Behind the Entrepreneur – Karen Uhlmann, Sustainable Styling

The creative powerhouse behind sustainable styling is Karen Uhlmann, a Fashion Stylist with a strong passion for helping women FEEL GREAT, LOOK GREAT and DO GOOD  with conscious fashion choices.
Having spent nearly 20 years in the health sector, Karen’s approach to fashion and styling is identifying and finding the links between the environment, education and supporting the local retail community. It’s this unique approach that leads Karen’s clients to successful and sustainable choices in fashion.


That sounds so interesting! I would love to start by asking you how you’ve gone from your full-time job in the health-sector to your passion-business of sustainable personal styling?

The leap isn’t as great as it would first appear, even though health and fashion seem like they are polar opposites! My connection between the two is the synergy between the self-care and personal styling. Although fashion styling can sound quite scary and intimidating, I’m not coming at it from a necessarily high-end fashion design angle.
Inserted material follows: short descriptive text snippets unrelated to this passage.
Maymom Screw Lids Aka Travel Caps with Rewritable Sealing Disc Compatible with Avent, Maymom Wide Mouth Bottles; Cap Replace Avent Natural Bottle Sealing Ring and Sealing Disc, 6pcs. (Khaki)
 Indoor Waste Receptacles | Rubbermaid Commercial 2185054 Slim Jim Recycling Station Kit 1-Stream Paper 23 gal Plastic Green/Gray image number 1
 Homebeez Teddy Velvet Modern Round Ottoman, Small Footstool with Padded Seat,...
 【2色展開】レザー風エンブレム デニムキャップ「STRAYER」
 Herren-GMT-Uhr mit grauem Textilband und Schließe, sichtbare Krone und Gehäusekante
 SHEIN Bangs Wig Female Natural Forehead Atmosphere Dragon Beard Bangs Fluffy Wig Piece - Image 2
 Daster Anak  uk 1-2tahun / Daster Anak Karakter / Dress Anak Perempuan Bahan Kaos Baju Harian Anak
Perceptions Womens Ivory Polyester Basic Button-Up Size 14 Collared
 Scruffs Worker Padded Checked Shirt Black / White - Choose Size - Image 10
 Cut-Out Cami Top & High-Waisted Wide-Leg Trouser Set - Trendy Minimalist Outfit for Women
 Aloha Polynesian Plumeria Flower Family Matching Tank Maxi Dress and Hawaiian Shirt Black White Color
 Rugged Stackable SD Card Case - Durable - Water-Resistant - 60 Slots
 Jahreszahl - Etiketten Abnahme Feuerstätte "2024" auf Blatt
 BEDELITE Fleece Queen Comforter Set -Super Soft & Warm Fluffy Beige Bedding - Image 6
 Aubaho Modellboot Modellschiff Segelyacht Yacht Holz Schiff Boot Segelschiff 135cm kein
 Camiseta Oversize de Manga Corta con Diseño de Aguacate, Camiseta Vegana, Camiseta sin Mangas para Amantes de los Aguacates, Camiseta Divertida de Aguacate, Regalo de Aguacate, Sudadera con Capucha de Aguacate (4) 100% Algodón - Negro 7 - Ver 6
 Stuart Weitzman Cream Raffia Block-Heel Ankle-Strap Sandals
Personal styling and fashion styling is really helping people to find their own unique style. It’s so important now we are in the age of social media. Whether we like it or not, almost everyone has a social media account now, whether it’s Facebook, Instagram, Twitter. Even if your page is private, you still have a personal brand on show, so there is opportunity to really explore your own personal brand.

So you’re working four days a week in your health-sector job and you’re running Sustainable Styling basically at all other times during the week?

About a year ago I felt like I was coming to a bit of an endpoint in my health career. If I wanted to jump into a higher role, that was going to mean more bureaucracy, more management, more hours and more stress. I could see that the roles that I once wanted, didn’t look that fabulous to me anymore.

I started looking outside my industry for other roles where I could pick up my skill set and move into a new industry to get a new level of interest and motivation in my career. I thought about whether it was worth leaving my current job, which has a really nice work culture. I enjoy what I do, even though it’s not singing to my creative soul. Other roles wanted everything from me but weren’t paying that much, so I thought maybe I need to do something that I’ve always wanted to do.

Starting my own business wasn’t something that I entered into lightly, it was more of a feeling, a drive – a voice calling me to really explore this. I’ve been running Sustainable Styling it for a year now. Living your dream is a lot more painful than I thought it would be in many ways. The journey has  been quite painful but it’s definitely worth it! Over my adult life I think I have finally found where I really wanted to be.

There’s been a lot of focus on quitting the nine to five but you don’t have to go cold turkey. You can play it safe and have a part-time role. Playing it safe isn’t the same as playing down your dream.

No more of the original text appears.